• **THE DATA**
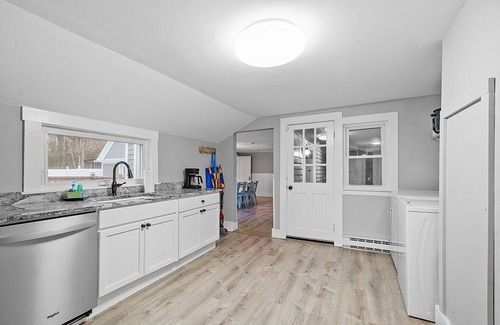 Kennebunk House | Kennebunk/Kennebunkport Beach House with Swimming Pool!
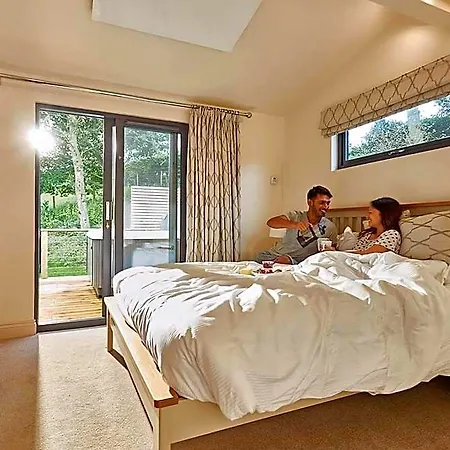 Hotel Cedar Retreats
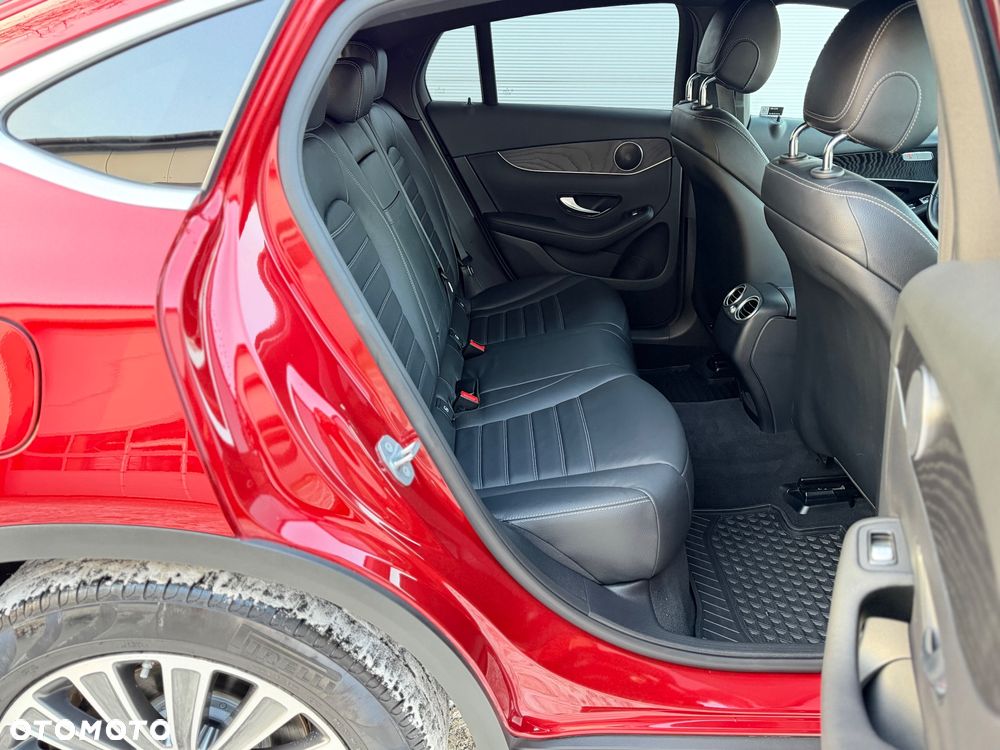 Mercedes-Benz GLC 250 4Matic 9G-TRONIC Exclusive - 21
* * *
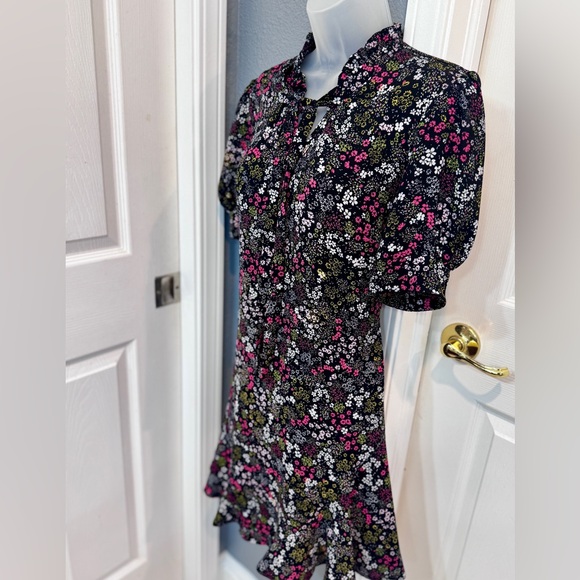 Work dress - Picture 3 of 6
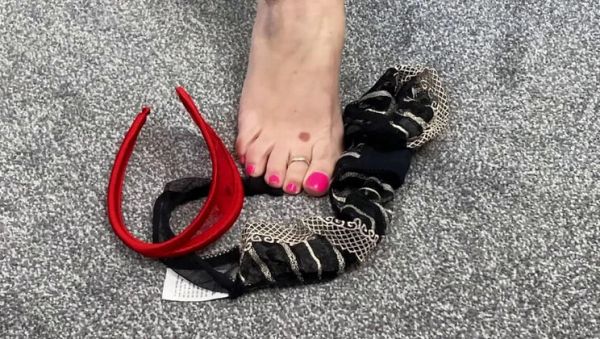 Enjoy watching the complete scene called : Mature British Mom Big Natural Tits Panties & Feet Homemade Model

• **DESCRIPTION OF THE TASK**
In the entries above, find the line containing "Work dress - Picture 3 of 6" and the line containing "Enjoy watching the", then copy both and every line between them exactly, without any picture.

• **EXERCISE ANSWER**
 Work dress - Picture 3 of 6
 Enjoy watching the complete scene called : Mature British Mom Big Natural Tits Panties & Feet Homemade Model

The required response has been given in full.